“La competitività internazionale delle aziende che operano nel distretto della Lava dell’Etna e la stessa sopravvivenza dell’intero distretto produttivo dipendono da un’attenta politica di tutela e supporto che punti alla creazione di una Zona Economica Speciale (ZES) oltre che all’istituzione di un vero e proprio ‘marchio di qualità’, che attesti la provenienza della pietra lavica”. Lo ha detto il parlamentare regionale del PD Anthony Barbagallo nel corso di una conferenza stampa che si è tenuta oggi nel capoluogo Etneo, organizzata insieme con il presidente di Confcommercio Catania Pietro Agen ed il vicepresidente Riccardo Galimberti.
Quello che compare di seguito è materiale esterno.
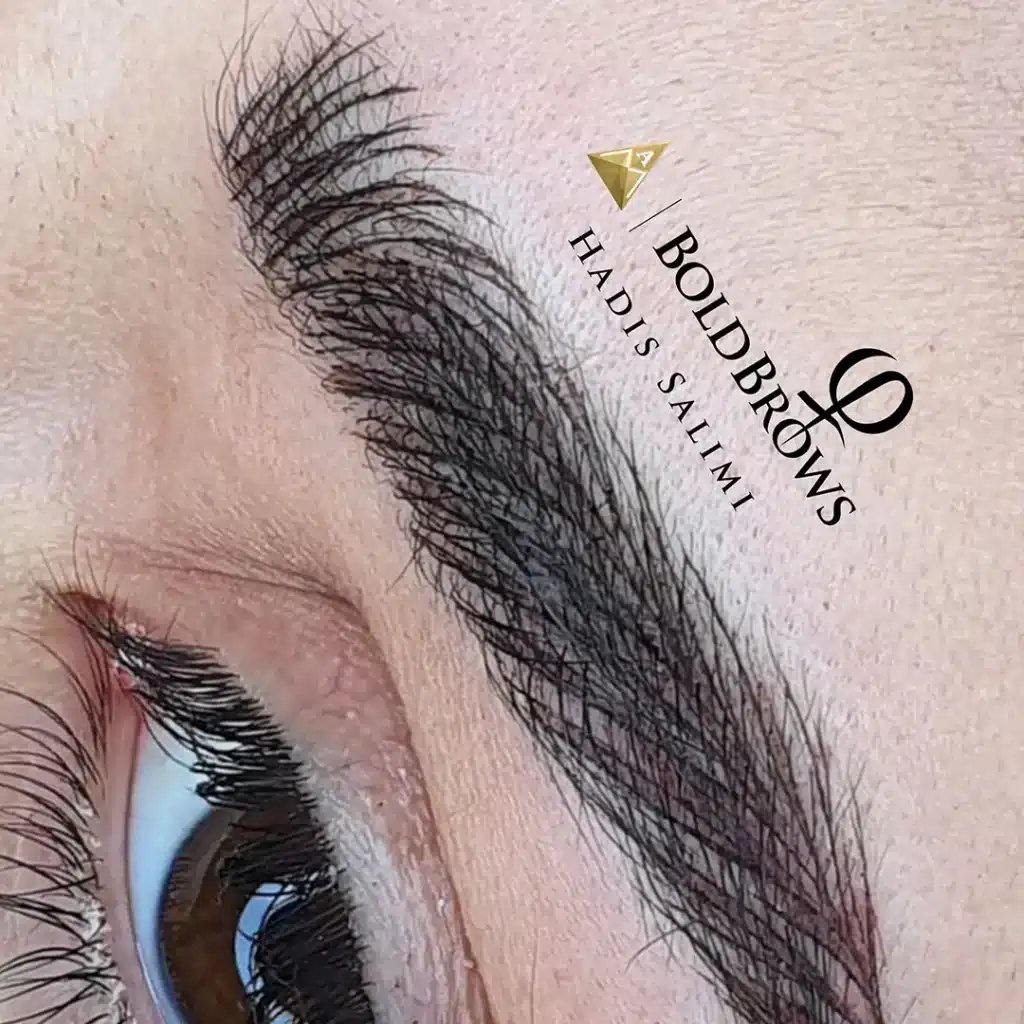 میکروبلیدینگ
“Il comparto produttivo della pietra lavica dell’Etna – ha aggiunto Barbagallo – rischia di restare stritolato dalla crisi delle esportazioni, oltre che  dalla ‘concorrenza sleale’ attuata da chi, in questi anni, ha introdotto sul mercato prodotti di qualità nettamente inferiore a prezzi più bassi”.

“Introdurre norme di salvaguardia che impongano la necessità di una prima lavorazione all’interno dei confini regionali – ha proseguito il parlamentare PD – esportando un semilavorato coperto da marchio di qualità che ne certifichi la provenienza, può essere un meccanismo ideale per la valorizzazione e la tutela di una specificità territoriale unica, che può diventare volano di sviluppo per la nostra economia”.